Bill here is a recipe I use.  It's not extremely authentic (since I always like to tweak my recipes a bit) but it's close.  I like to make shrimp vindaloo but you can make it with any meat, just ensure you vary the cooking times accordingly.

1 large onion finely chopped (extremely fine).  I don't like to puree my onions because they release a lot of water, so I do a super fine dice
1/2 tsp of freshly grated ginger
1/2 tsp of freshly minced garlic
1/2 tbsp of whole cumin seeds
1 tbsp of whole corrainder seeds
1/2 tbsp of mustard seeds (you can use the whole yellow or brown mustard seeds)
Handful of curry leaves
2 whole dried red chillies (less if you don't like spicy food) - Authentic vindaloo is pretty spicy
salt to taste
1 tbsp of poppy seeds (white ones) - Also called Khush Khush (in Indian language)
2s tbsp of regular white vinegar
1 tbsp of dried coconut flakes (unsweetened) - You can get this at any Indian or Asian stores
salt to taste
1 tsp of paprika
1 tsp of turmeric
2 tbsp of oil

Toast the cumin, corrainder, chillies, poppy seeds, curry leaves and coconutflakes in a fry pan (on low heat)
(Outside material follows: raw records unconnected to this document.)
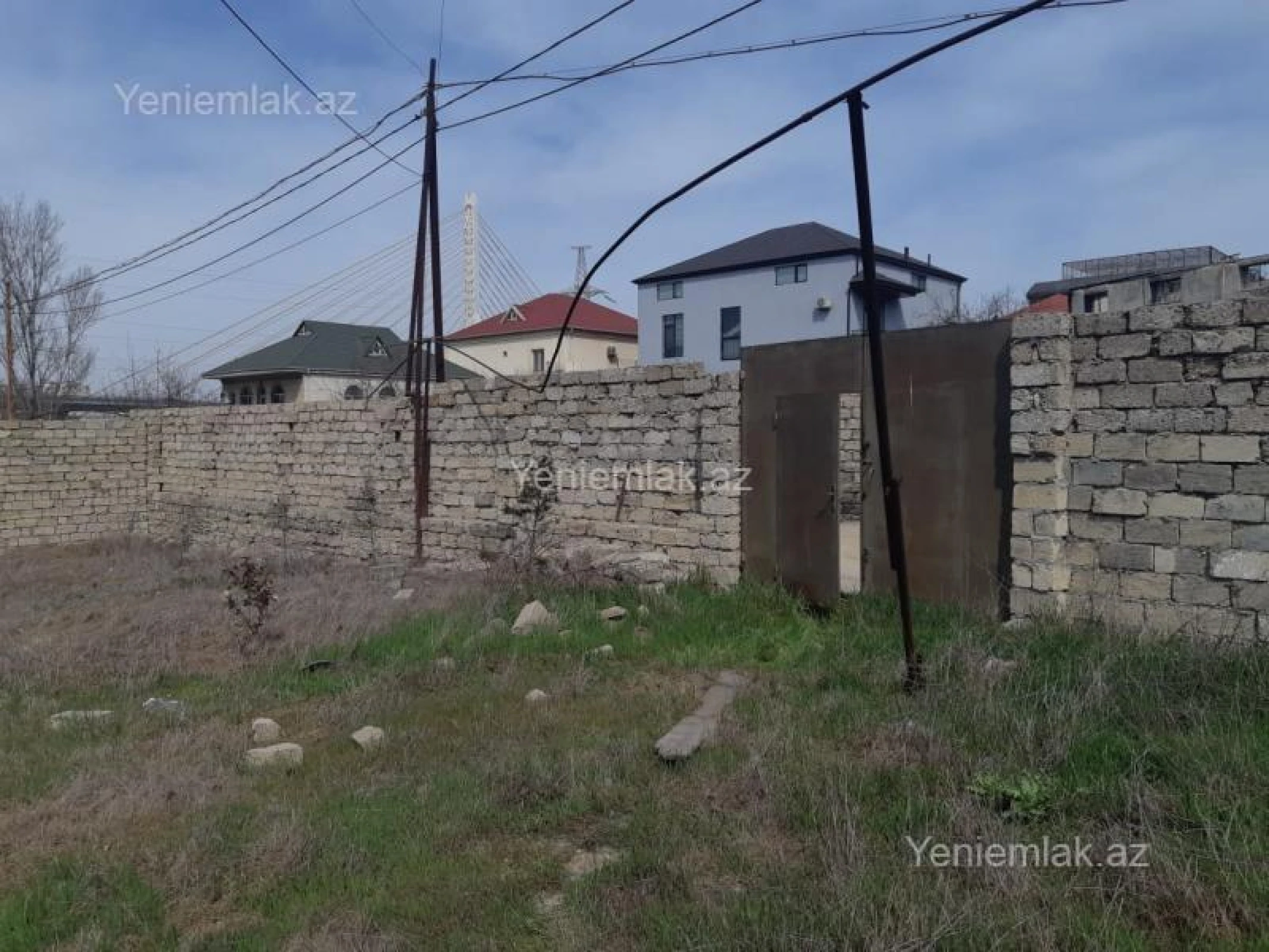 Satılır torpaq sahəsi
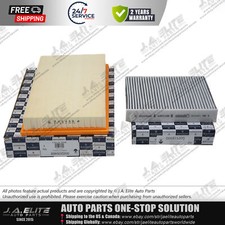 2pcs Genuine Pollen Filter & Air Filter for Maserati Quattroporte Granturismo GC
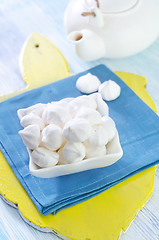 Image showing meringue shells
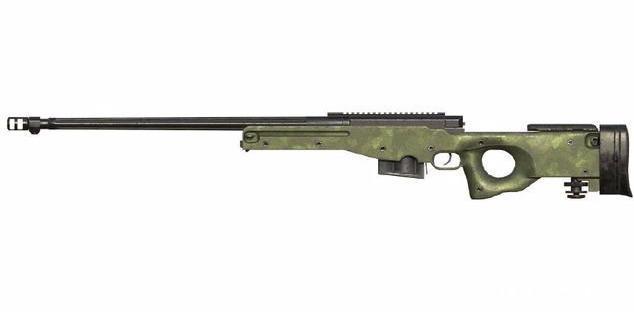 绝地求生狙击枪排名,98k仅排第4,第3组队专用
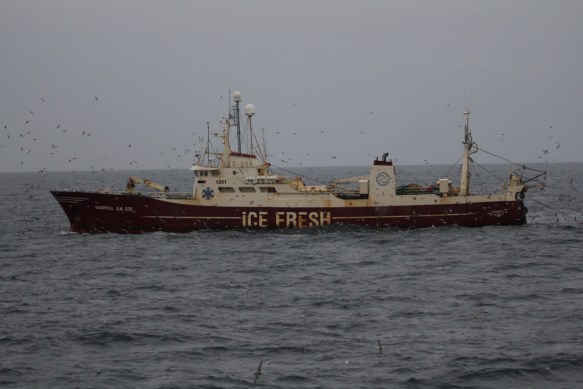 Skip Samherja Snæfell EA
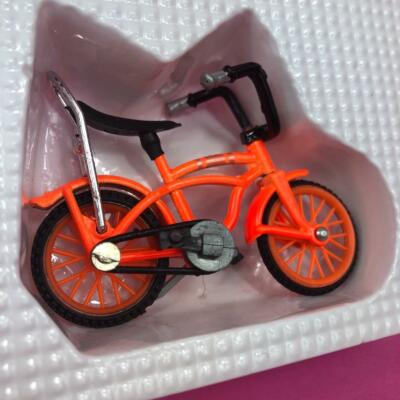 Vintage City Cycles BMX Chopper Neon Flix Trix Diecast Toy Bike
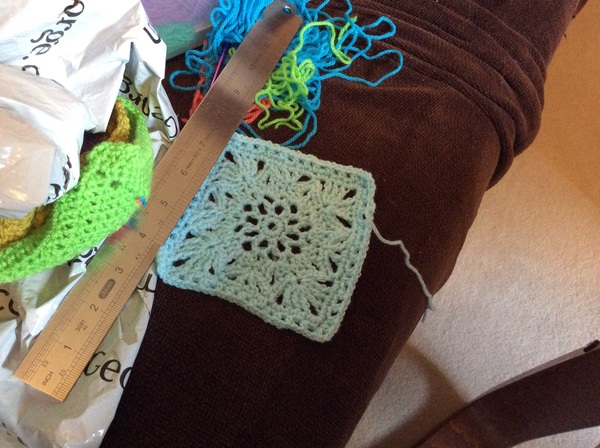 Woolly Hugs. Billie’s Butterfly Blankets for a London Children’s Hospice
Next powder it in a coffee grinder and reserve

In a pan add the oil, once it's hot add the onion and cook it until it's lightly brown.  Add the ginger and garlic and the powdered spices and saute it for 1/2 a second.  Next add 1/2 cup of water and the vinegar.  Check for salt.  Allow the gravy to cook down and release oil.  Now add another 1/4 cup of water and shrimps and cook it until the shrimp is done (about 5 minutes or so).  Garnish with cilantro and serve with any Indian flatbread or basmati rice.


----------



## Michael in FtW (Mar 6, 2006)

I must admit that I had never heard of vindaloo until I was introduced to it by Dave Lister - although he prefers chicken!  

A simple Google on "lamb vindaloo recipe" has a bunch of recipes you can look at to see if one sounds like something you might like. Of course, as QSis noted, you can use the advanced search functions to narrow it down even more.


----------



## Brooksy (Mar 6, 2006)

Bill,
This recipe is amazingly close to our Winter special, the differences being
1. We use commercial Garam masala
2. We add curry leaves, about 8 or 10.
3. Less chillis - we use 3 or 4 fresh cayennes (homegrown)

*Lamb vindaloo*

*Chef:* Rob Scott

 A delicious curry in the true Indian style.
*Serves 4*
*You need:*
*Garam Masala*
Ingredients:
1 teaspoon turmeric
4 tablespoons coriander seeds
2 tablespoons cumin seeds
1 tablespoon whole black peppercorns
2 teaspoons cardamon seeds
2 cinnamon sticks, broken up
1 teaspoon whole cloves
2 teaspoons nutmeg
2 tablespoons tomato paste (optional)

*Lamb Vindaloo*
1 kilo diced lamb
8 large red chillies, chopped
1 cup vinegar
2 teaspoons ginger, chopped
1 clove of garlic, chopped
5 teaspoons garam masala
2 teaspoons salt
3 tablespoons oil or ghee (clarified butter)
2 medium onions, chopped
1 tablespoon brown sugar
*Method:*
*Garam Masala*
In a small frypan, gently sauté the ingredients except the nutmeg until there is a pleasant aroma. Remove from the heat and place in a coffee grinder. Add nutmeg and blend to a powder-like substance. Place into an airtight container for later use.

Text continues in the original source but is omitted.